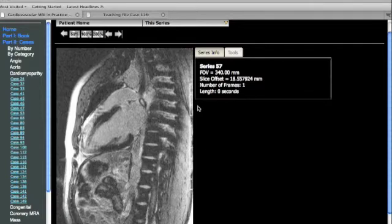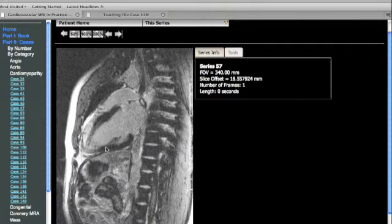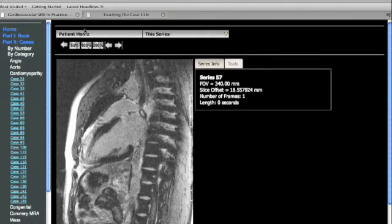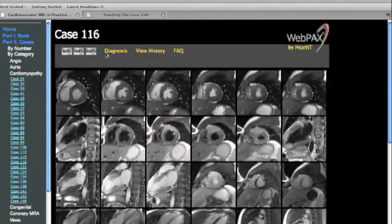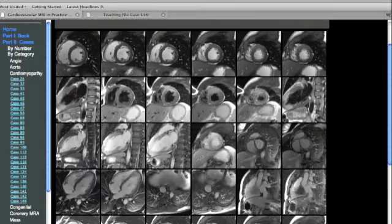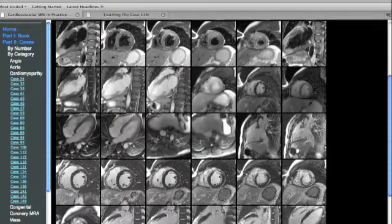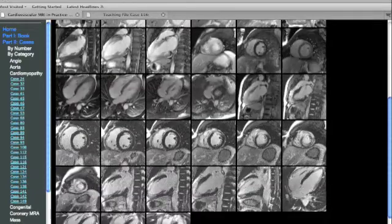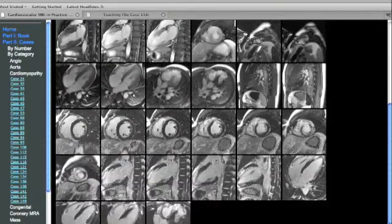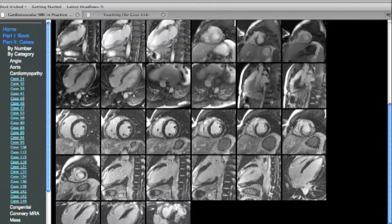In evaluating these delayed enhancement images, the first distinction that needs to be made is between a coronary artery disease-related pattern, which universally involves the subendocardium, versus the non-ischemic patterns, which often spare the subendocardium. This pattern, in concert with the patchy uptake noted, is entirely consistent with the patient's clinical diagnosis of viral myocarditis.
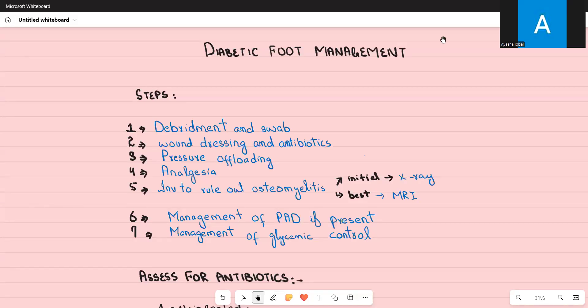Welcome to my channel. In today's video of our AMC1 series, we are going to discuss diabetic foot disease management. In diabetic patients, their feet are prone to the development of wounds and ulcers because of a number of reasons. The first reason is that these patients have diabetic neuropathy, so they are not aware of subtle and minor injuries to their feet in everyday life, which can then lead to the development of a wound that can get infected.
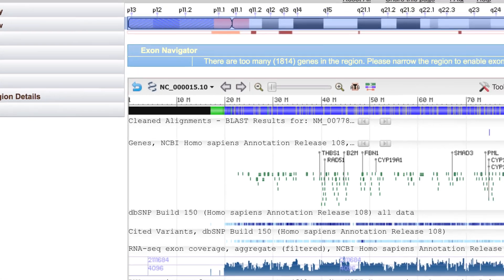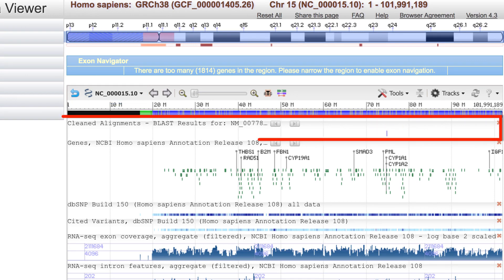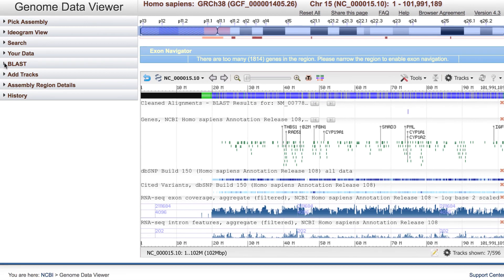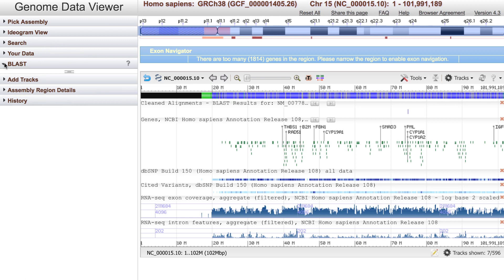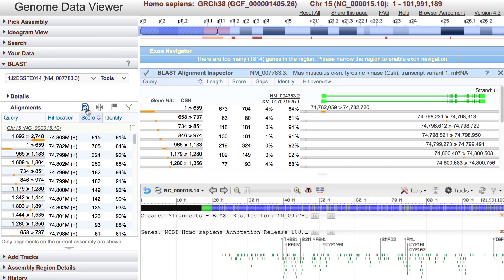That sequence is presented in the Sequence Viewer portion of the GDV. This is where your BLAST alignments show up in BLAST tracks. The best part is, you now have the full functionality of the Genome Data Viewer, including the ability to add your own track data. And a new feature, the BLAST Alignment Inspector, which can be launched from within the BLAST widget.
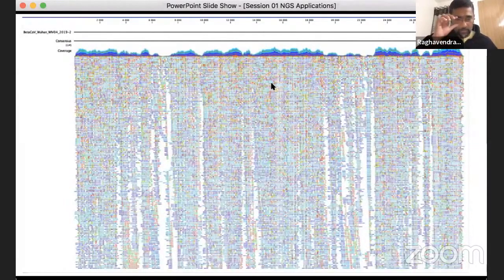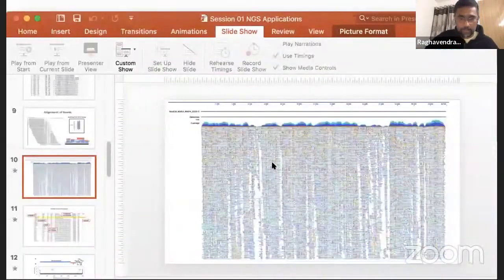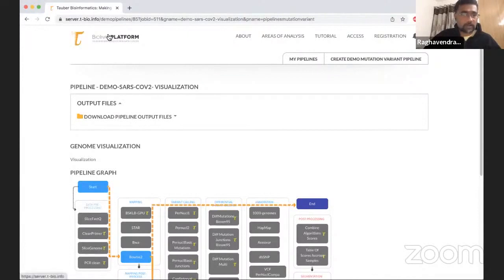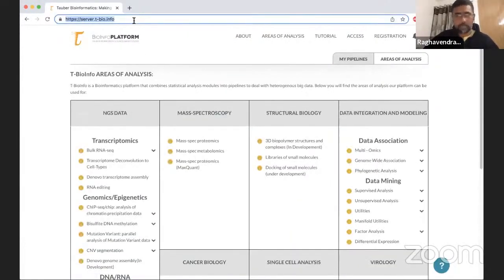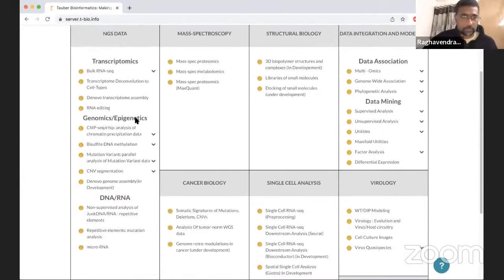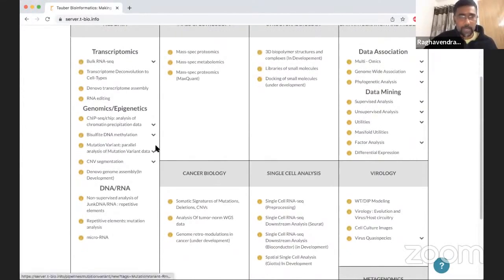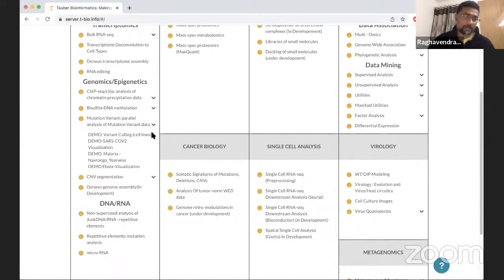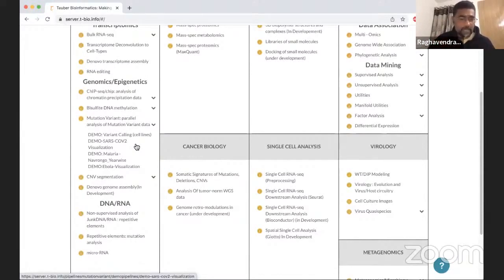Let me quickly go to the Tablet BioInfo platform and show you how to run a simple visualization pipeline for a viral genome. If you go to genomics analysis and then under mutation variant and parallel analysis of mutation variant data, you can drop down. We have prepared some demo pipelines which will give you the feeling of running these analyses and building up this pipeline for sequence analysis.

+++++

__Goal of the exercise__:
Reproduce all lines above exactly. Leave the images out.

__Solution__:
In evaluating these delayed enhancement images, the first distinction that needs to be made is between a coronary artery disease-related pattern, which universally involves the subendocardium, versus the non-ischemic patterns, which often spare the subendocardium. This pattern, in concert with the patchy uptake noted, is entirely consistent with the patient's clinical diagnosis of viral myocarditis.
Welcome to my channel. In today's video of our AMC1 series, we are going to discuss diabetic foot disease management. In diabetic patients, their feet are prone to the development of wounds and ulcers because of a number of reasons. The first reason is that these patients have diabetic neuropathy, so they are not aware of subtle and minor injuries to their feet in everyday life, which can then lead to the development of a wound that can get infected.
That sequence is presented in the Sequence Viewer portion of the GDV. This is where your BLAST alignments show up in BLAST tracks. The best part is, you now have the full functionality of the Genome Data Viewer, including the ability to add your own track data. And a new feature, the BLAST Alignment Inspector, which can be launched from within the BLAST widget.
Let me quickly go to the Tablet BioInfo platform and show you how to run a simple visualization pipeline for a viral genome. If you go to genomics analysis and then under mutation variant and parallel analysis of mutation variant data, you can drop down. We have prepared some demo pipelines which will give you the feeling of running these analyses and building up this pipeline for sequence analysis.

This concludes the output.